*Task item*: Each line of the listing, apart from the pictures, is to be printed exactly.

*Recorded data*:
★ ★ ★ ★ ★ ★ ★

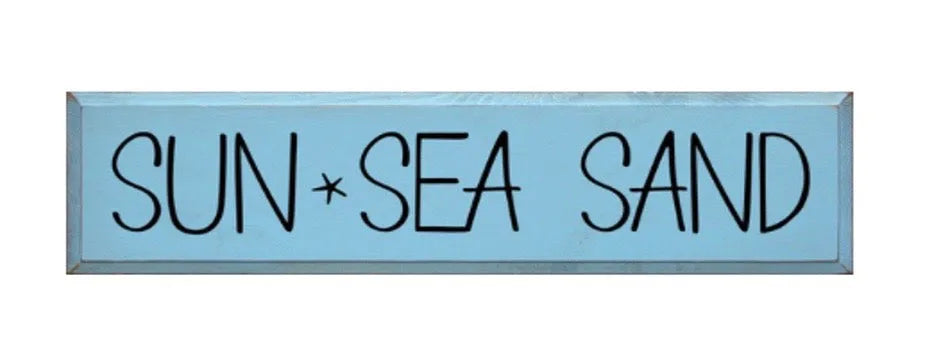 Sun Sea Sand Summer Wood Sign - 9"x36" | Beach Home Decor | Dorm Decor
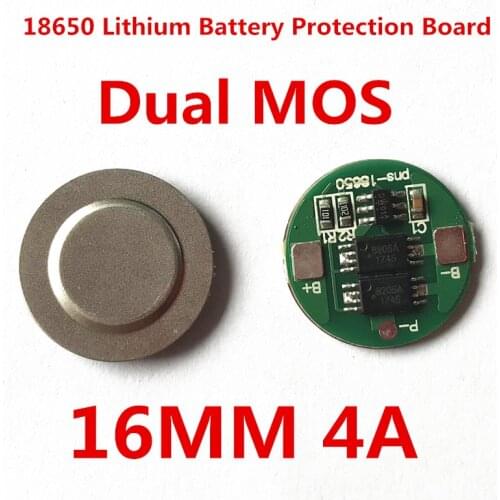 1S 4A BMS 18650 battery 4.2V battery protection board 18650 lithium charge and discharge protection board 16MM dual MOS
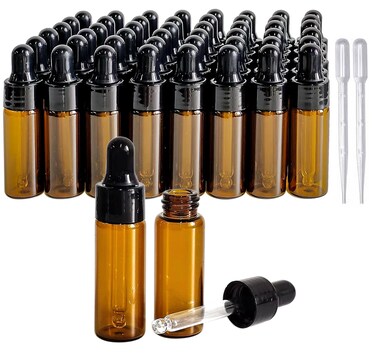 PYAWI 50Pcs 5ml Sample Dropper Bottles，Amber Glass Dropper Bottles for Essential Oils Sample Cosmetic Perfume Traveling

★ ★ ★ ★ ★ ★ ★

*Response*:
 Sun Sea Sand Summer Wood Sign - 9"x36" | Beach Home Decor | Dorm Decor
 1S 4A BMS 18650 battery 4.2V battery protection board 18650 lithium charge and discharge protection board 16MM dual MOS
 PYAWI 50Pcs 5ml Sample Dropper Bottles，Amber Glass Dropper Bottles for Essential Oils Sample Cosmetic Perfume Traveling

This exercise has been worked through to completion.